Seems worth offering as an option. If you can get 10-20 kms out of the solar panel in decent time it might be enough of an emergency precaution to give people who live outside of cities less reason to poopoo EVs

[–] Tja@programming.dev 2 points 5 months ago (1 children)

There's two problems with this:

Panels are not free. They cost money to install, weight to move around, and prevent you from a mega-sunroof that most EVs have.

Second, if you think one inconvenient charge per month will make people outside of cities and disparage (for whom EV already offer the most advantages) change their opinion, I think you will be disappointed. Most of them formed their opinion by "but I don't wanna!", not by any logical thinking.

[–] Jarix@lemmy.world 2 points 5 months ago* (last edited 5 months ago) (1 children)

This is the exact type of gimmick/bullshit they can utilize to convince people to get over irrational fears. Because people are often irrational when making decisions.

But its also tied directly into the fear of running out of juice in the middle of no where. It not only offers but actually gives people comfort and security. Even its really not meant to actually be used regularily or ever really.

I know one mechanic who has both a Model S and Leaf. He HATES that his model S slowly drains the battery when not used and his leaf does not. And he can explain the difference both why and how. If a company just used that fact to sell their car over any car that also loses charge sitting unused they will absolutely have an advantage for people. Imagine parking your car for weeks and it always being as charged as you left it or more instead of sometimes having to worry if you have a dead car waiting for you because you realized after the fact that you left it with a low charge

I absolutely do think it will change enough minds. I work in the industry from the repair side. But also with people who use their vehicle to pay their wage. I know this can work towards removing that part of the equation because there is a TON of people who dont want EVs to replace ICE and they stoke every dumb fear people have. Having the option, however poorly it performs has always been a net postive as long as it does perform the way its supposed to

Good sales people try to understand what is preventing people from making good choices. Bad ones just lie to you.

Additional costs are exactly what people expect to pay extra for ask in think that's really a moot point beyond getting the amount in the right ballpark.

[–] Tja@programming.dev 1 points 5 months ago (1 children)

I appreciate the long form reasoning, but I disagree. People I've met that don't like EVs, they don't like EVs first, look for a reason later.
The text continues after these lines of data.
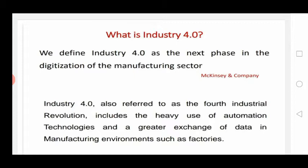We define Industry 4.0 as the next phase in digitization of the manufacturing sector. Commonly, if we take the name, it seems like something digital — and that is what it is. We can call it a version: Industry 1, 2, 3, 4. This is the version where everything is digitalized — the processes, planning, designing systems, and processing systems in manufacturing will all be digitalized.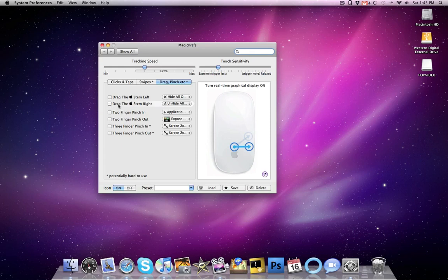a drag and pinch, like drag the apple stem right. If I hover over it, like I am now, in the real-time graphic display, it will show you what that looks like on the Magic Mouse and what you would have to do. And that goes for all of them.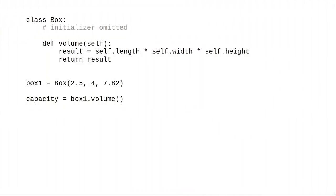There's something you may have noticed in the code. The volume method has one parameter, but we don't have any arguments when we call the method. What's going on here?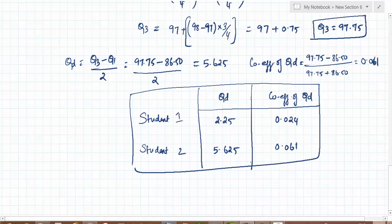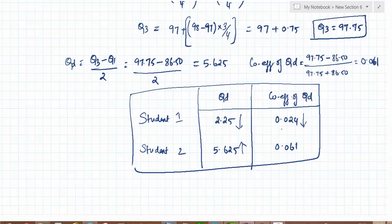From this comparison we can infer that the marks of student 1 are more stable, because the quartile deviation is much lower and the coefficient of quartile deviation is also less. Since both measures are lower for student 1 compared to student 2, we conclude that student 1's achievement is more stable.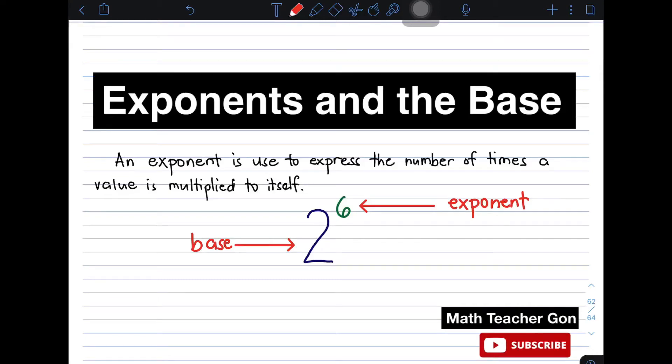Hi guys, it's me, Teacher Gon. In today's video, we will talk about exponents and the base. So let us define what is an exponent.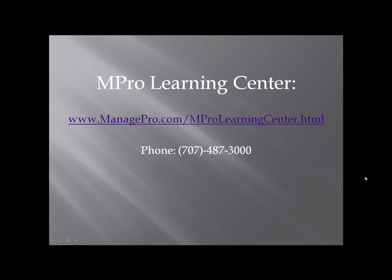I'll be sending you more tips, but if you would like more information about ManagePro at any time, go to www.managepro.com/mprolearningcenter or give us a call at 707-487-3000 if you have any questions or are ready to put ManagePro to work for you today.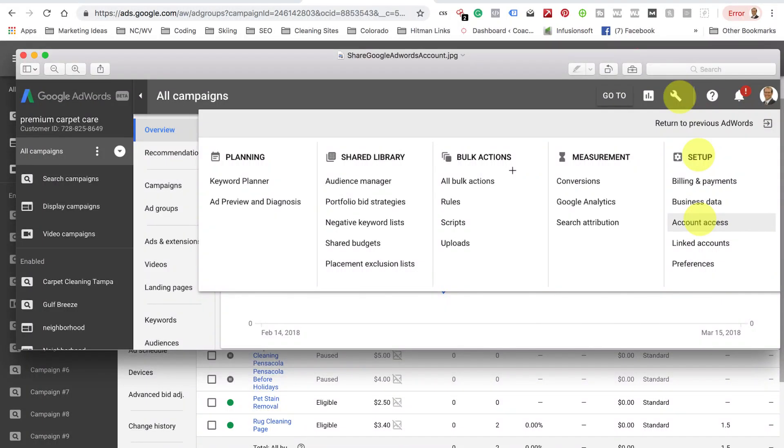I just wanted to do a quick video and show you how to share your Google AdWords account. A lot of the times, guys will try to give me their master access to log in their Google AdWords account.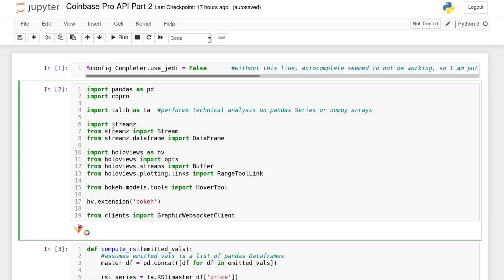Next, I'm using the streamz library to handle the flow of data throughout the project. We'll use the stream class as well as the data frame class. This is a streaming data frame. You can think of it as a wrapper around your pandas data frame, giving it some streaming functionality.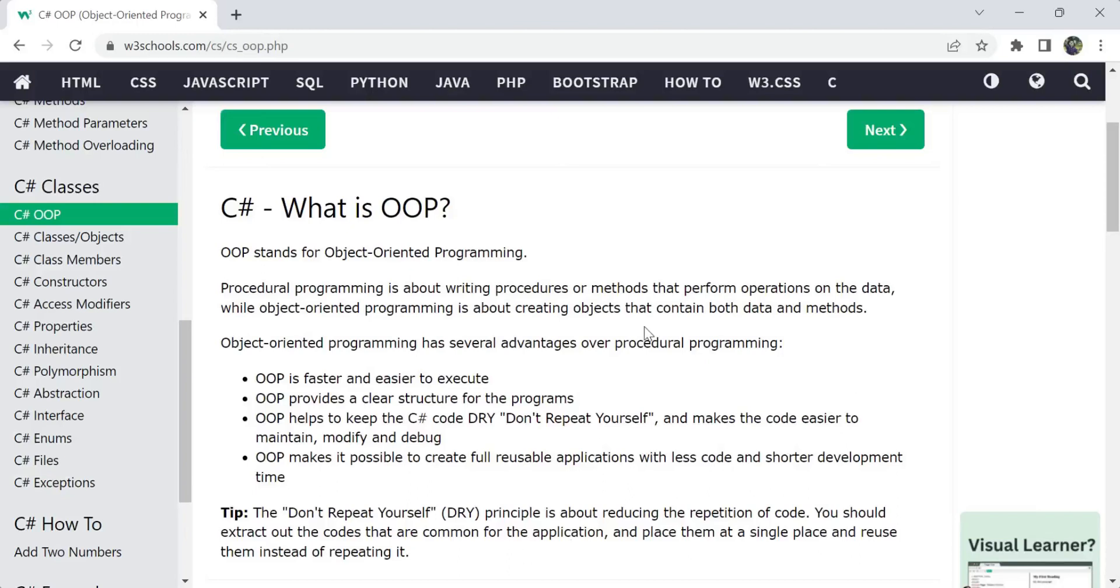Hi, hello, welcome back to my channel Tutor Things. Today in this video we are going to see C# OOP concepts. As we said earlier in the previous video, C# is a programming language which also comes under object-oriented programming language because it has concepts of OOP involved in it.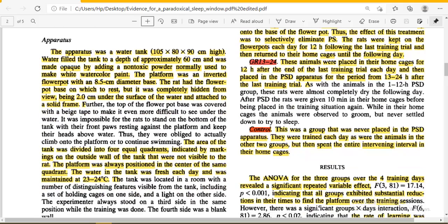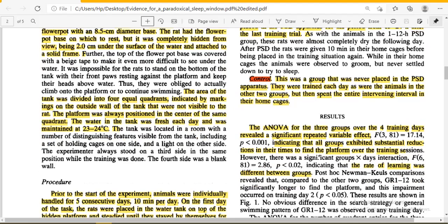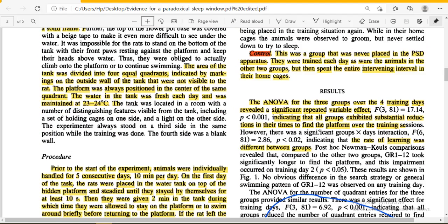Due to the lack of visibility, rats had to locate the exact location of the flower pot using their spatial memory. The tank area was divided into four equal quadrants, indicated by markings on the side walls not visible to the rats. The platform was always positioned in the center. The water in the tank was changed fresh each day, maintained at 23 to 24 degrees centigrade.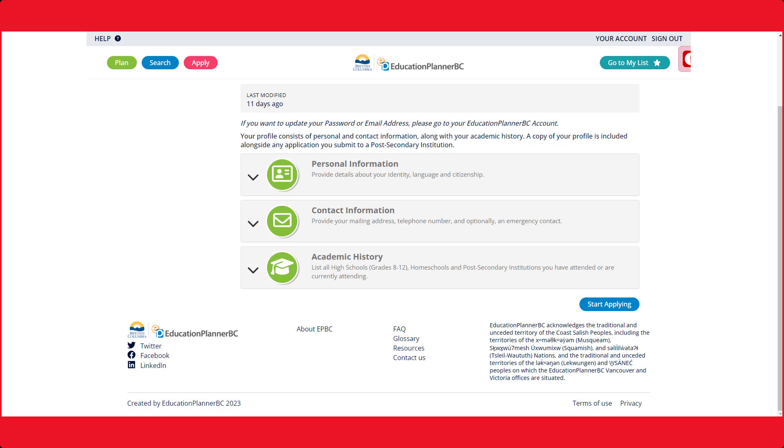Now that all of your personal information has been entered and icons have all turned green, we can continue the process of applying for a program. Press the start applying button to continue.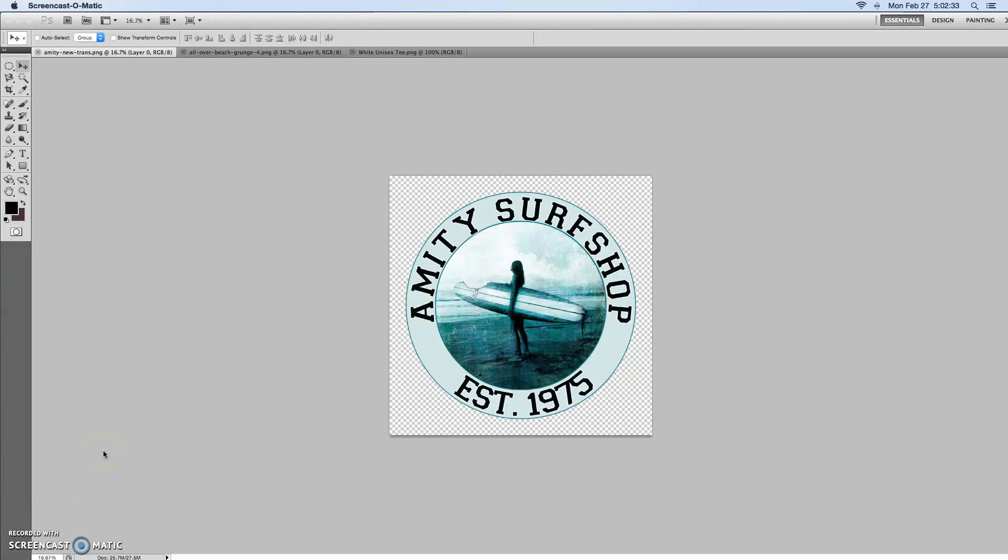Welcome back ladies and gentlemen to T-Rex tutorials. Today I'm going to show you all-over printing or what's also known in the industry as sublimation printing.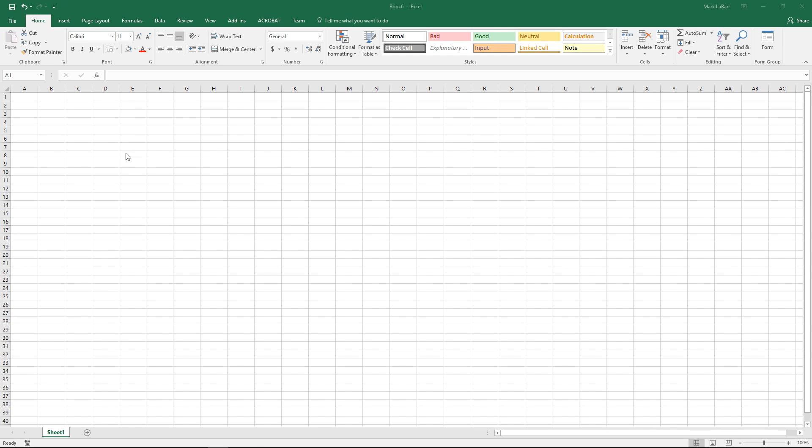Hello and welcome to this HowTech video tutorial. In this video we're going to show you how to insert a watermark in Excel 2016.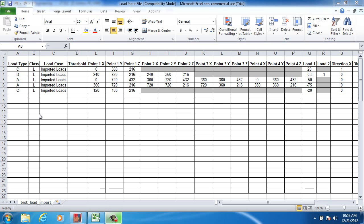Some additional information is needed for importing distributed and area loads. If you would like further instruction or would like to obtain a copy of the spreadsheet template, please contact Steve Ashton at Design Data.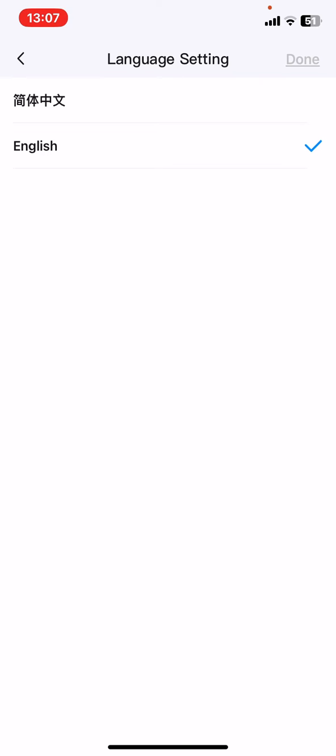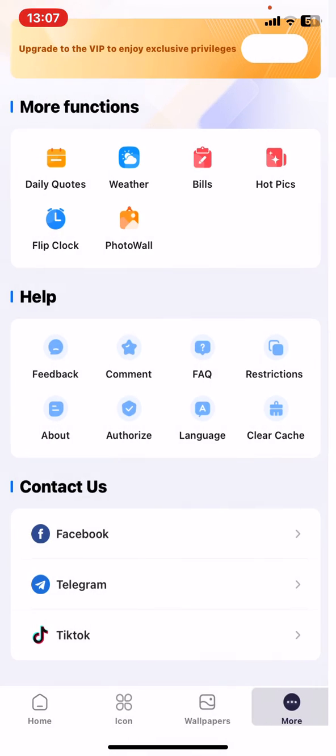And here as you can see there are two language options to choose from, so just set whichever you want and click on done. I'm going to stick with English and your language is set.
There is of course a tiny, minuscule minority that do more than 300 miles of driving a day and cannot spare 15 minutes to charge, but that is well under 0.1% of drivers.

[–] Jarix@lemmy.world 1 points 5 months ago* (last edited 5 months ago)

Never said it was people who drive high kms a day that has these concerns.

Seems to me we arent disagreeing on reasoning but about different situations. Such is the way of not speaking face to face though.

If it helps im not just making shit up, i deliver (ive moved up and am low level.operations now) autoparts to repair shops and have heard these complaints for over 10 years.

Its actually quite fascinating how often people drop the concern im trying to discuss once they start using an ev, or personally know someone who has one and they get encouraged by their persons lack of concern about losing a charge.

I think i wouldnt pay extra for the solar panel version if it was a significant extra cost but Maybr if it wasnt too much. (15k for full.self driving which doesnt even transfer to a new owner put the brakes on the failing enthudsiasm i had with tesla when model s was new)

[–] Treczoks@lemmy.world 1 points 5 months ago

More like 5-10km, and then only on a sunny day in the sun, which would make the car uninhabitable due to the heat.

Better put a few square meters on the roof and use those instead of the 2-3m² you can place on a car at suboptimal angles and with the requirement to park in the baking sun.